Sisters sue dad over lost pocket money
Two teenage sisters have successfully sued their father for the return of $20,000 worth of pocketmoney they earned from their grandparents.
Ellisha and Amanda Basher, now aged 18 and 15, worked as young children in their maternal grandparents' joinery business doing odd jobs on weekends and school holidays over several years.
The Napier pair each had a bank account that their father, Wayne Basher, deposited their pay cheques into.
When mother Karleen died of breast cancer in 2005, family relationships deteriorated, with the girls and their grandparents on one side and Wayne Basher on the other. The grandparents got custody of the girls.
Ellisha said that in 2008, she and her sister discovered their bank accounts were empty; Ellisha was missing $11,154 and Amanda $9226.
When asked about the money, Wayne sent them an email saying: "The money in the savings account WILL be returned upon Ellisha turning 25, not BEFORE!!"
He went on to explain the money was intended for when the girls were "old enough to act more mature and know how to handle money". He said he removed the money as Ellisha was about to turn 15 and would have become legally able to withdraw it, so he took it out first and put it in another, untouchable, account.
A court judgment released last week said Basher later changed his position, saying he was "under no obligation to account to his daughters for the monies in the accounts".
"He said he had used the money in those accounts for their benefit, and it was quite proper for him to have done so," the judgment said.
He later offered to pay the girls $1500 each when they turned 20.
Ellisha said her father fought them "at every single step".
Fortunately, the grandparents kept "careful business and banking records" that detailed what each girl had been paid during their childhoods.
The court ruled that, "Put simply, it is not his money and now the time has come for him to return it to his rightful owners."
Basher appealed to the High Court, arguing the girls had to show a breach of a trust relationship and a consequent improper gain.
He argued he had not benefited personally as the money had been spent on the care and maintenance of the girls, including holidays to Australia and "lavish gifts".
Justice Rodney Hansen ruled there was always certainty about the intention for the money and Basher was in breach of trust. He upheld the decision that Basher must repay the girls, and ordered costs against him.
Ellisha said she hadn't spoken to her father in five years. She said he had refused to give her and her sister their mum's engagement rings.
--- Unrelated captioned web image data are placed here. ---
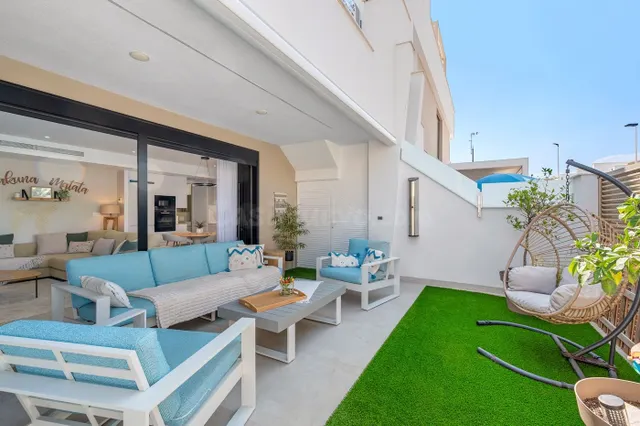 APARTAMENTO DE 3 DORMITORIOS Y 2 BAÑOS EN SAN PEDRO DEL PINA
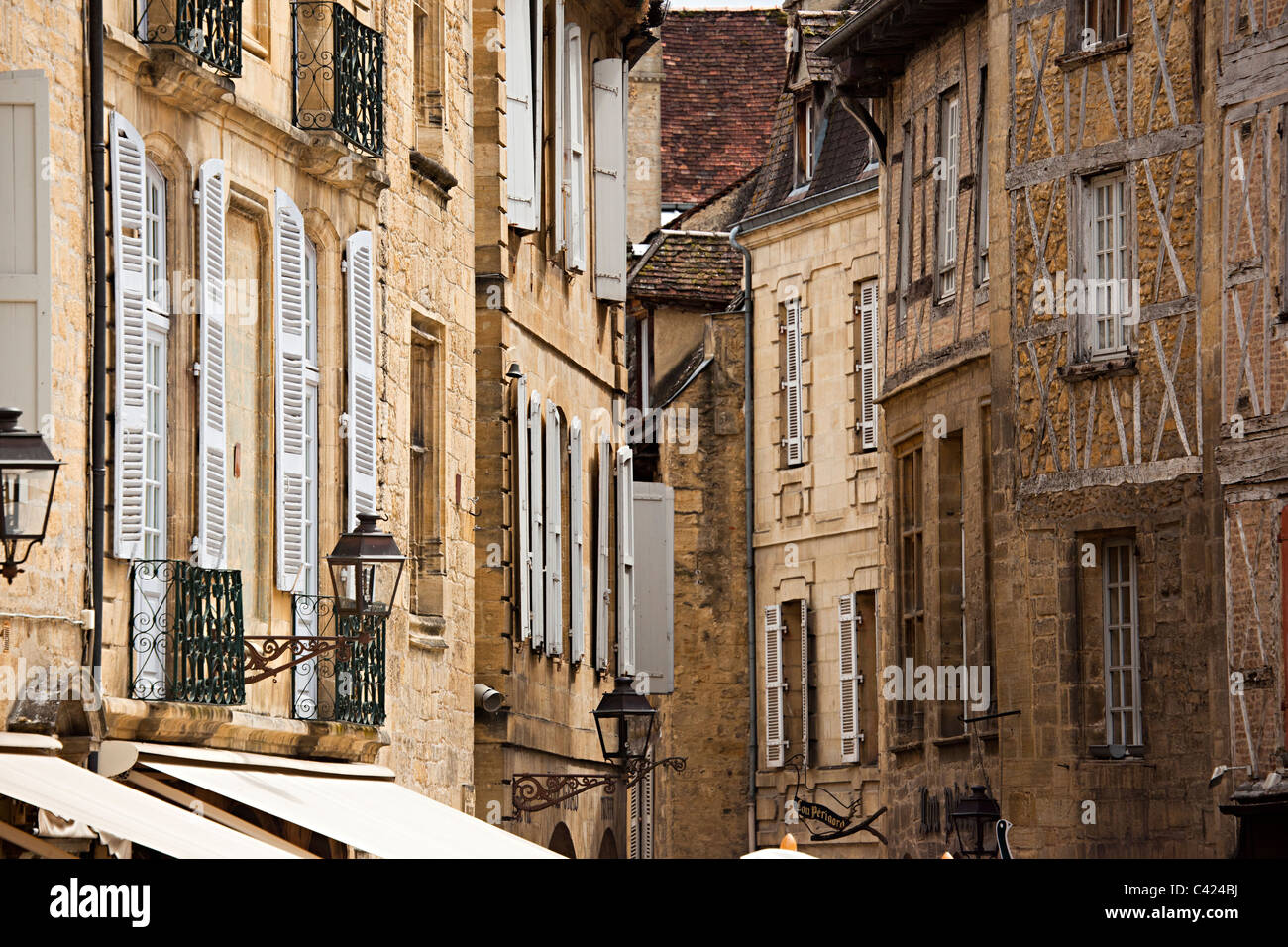 Vecchi edifici di Sarlat-la-Caneda Dordogne Francia Foto Stock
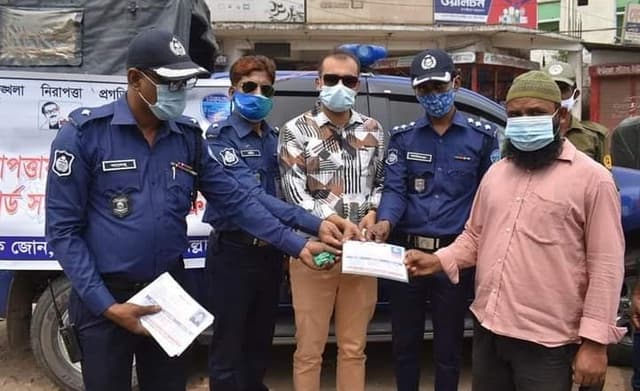দেবীদ্বারে সিএনজি চালকদের পরিচিতি কার্ড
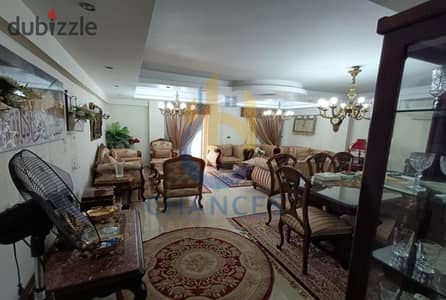 شقة للبيع في  كمبوند البارون سيتي -دائري المعادي - بتشطيب سوبر لوكس - فيو على جاردن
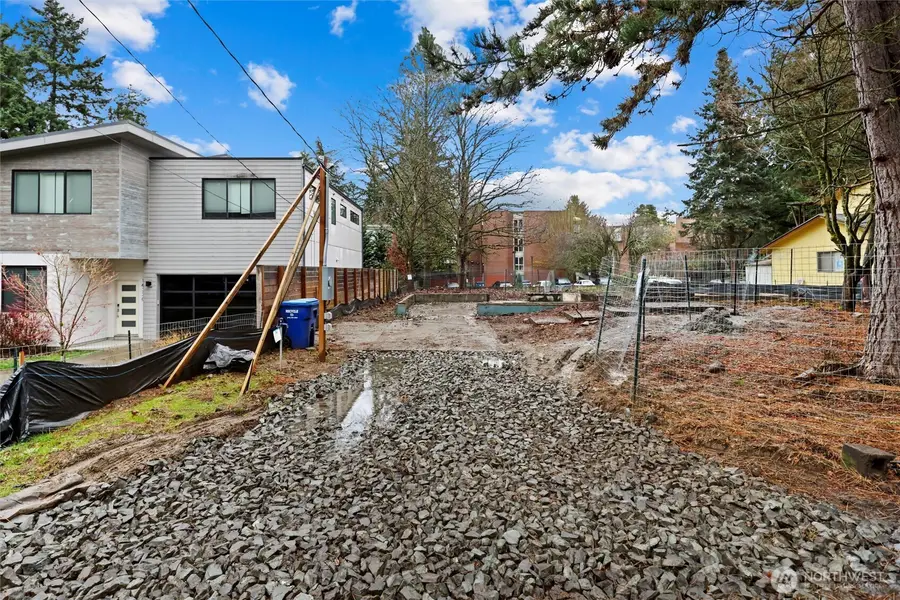 14324 Fremont Avenue N, Seattle, WA 98133 - Image #3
Though she was happy with the judgment - "I'll be better once I see it in my bank account."
Wayne Basher, who now owns a waxing and tanning business with his new wife, Linda, said the case was "a disgrace" that had endangered their business.
He said the money was spent on a family trip to Australia after his first wife was diagnosed with cancer.
However, he did not withdraw it from the girls' accounts at the time, which led to the later difficulties.
The case was going to set precedents, he said. "You're going to have to make contracts with your children about how you spend money for them."
Linda was dumbfounded when they lost the case for a second time, though Wayne was philosophical: "I'll just pay the money and get on with it."